▸ What to do
Required from the data below: the exact lines starting at the line containing "Dolce & Gabbana" and ending at the line containing "Svs wall plate, Electrical", with both ends kept and all pictures dropped.

▸ Records for this task
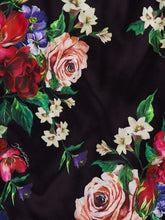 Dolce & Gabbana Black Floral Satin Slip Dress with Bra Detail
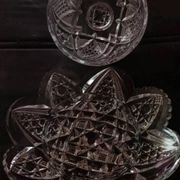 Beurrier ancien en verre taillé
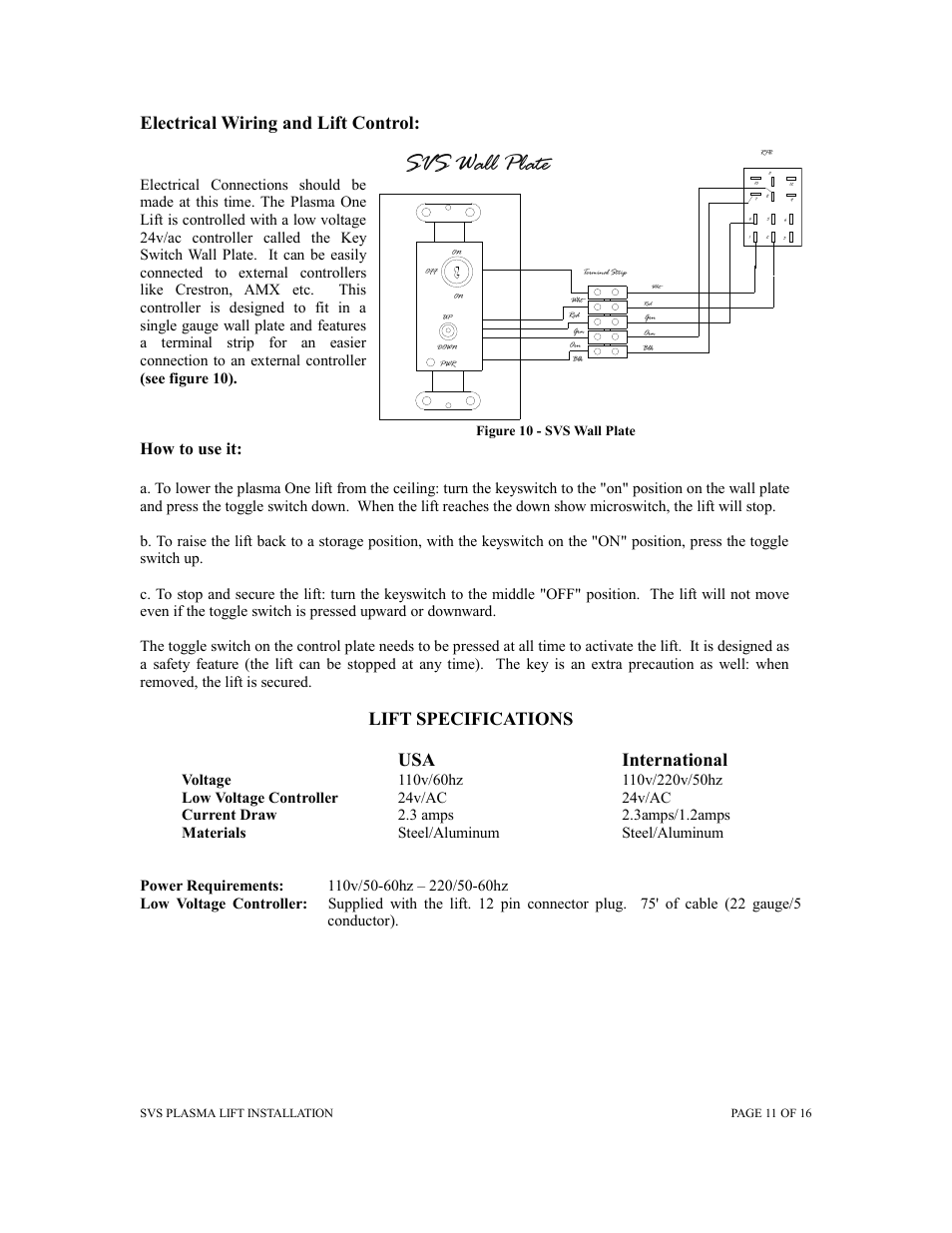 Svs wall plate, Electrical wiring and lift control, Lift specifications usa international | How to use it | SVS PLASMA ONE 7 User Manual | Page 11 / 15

...

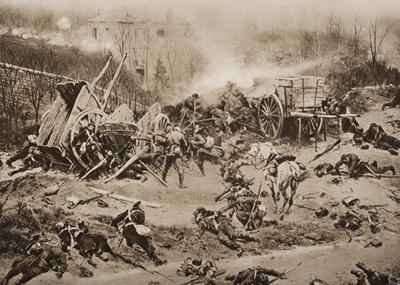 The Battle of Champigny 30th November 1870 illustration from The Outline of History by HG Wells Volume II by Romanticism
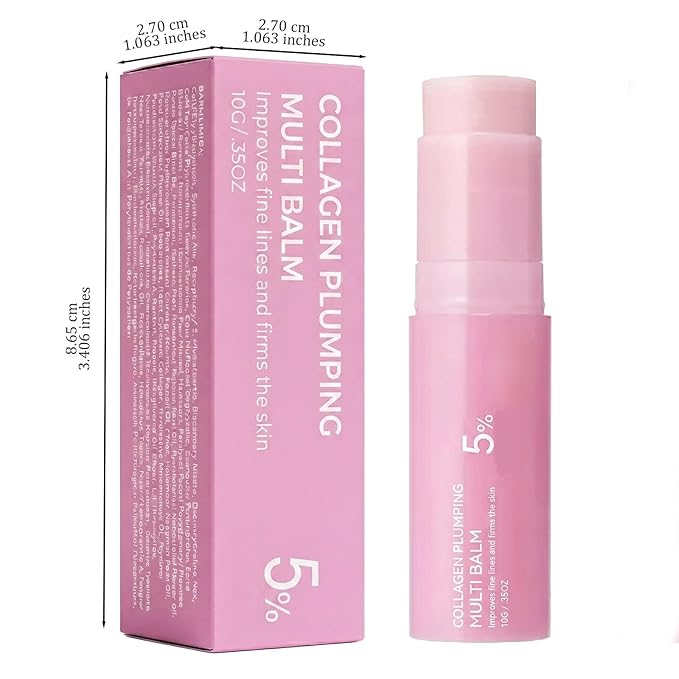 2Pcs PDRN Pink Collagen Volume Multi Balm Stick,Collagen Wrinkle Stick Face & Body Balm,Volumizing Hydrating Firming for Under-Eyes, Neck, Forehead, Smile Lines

--

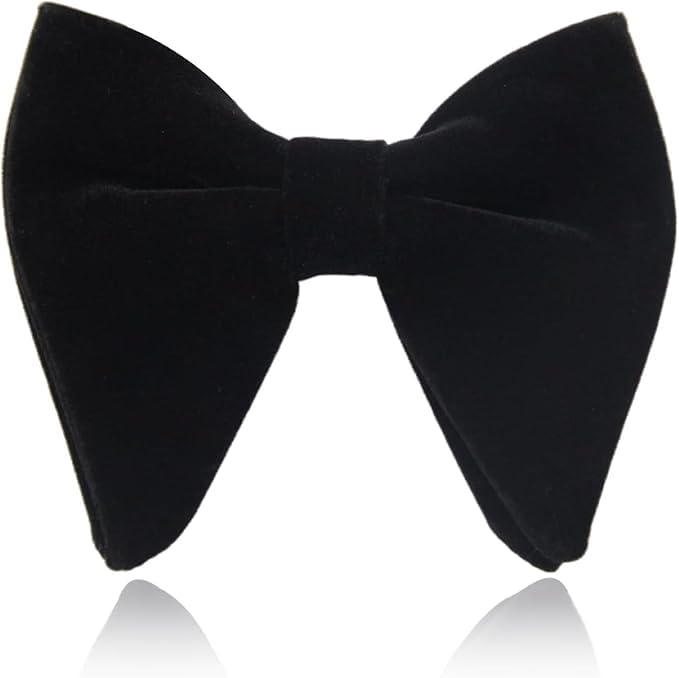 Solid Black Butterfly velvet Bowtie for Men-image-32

▸ Answer to the problem
 Dolce & Gabbana Black Floral Satin Slip Dress with Bra Detail
 Beurrier ancien en verre taillé
 Svs wall plate, Electrical wiring and lift control, Lift specifications usa international | How to use it | SVS PLASMA ONE 7 User Manual | Page 11 / 15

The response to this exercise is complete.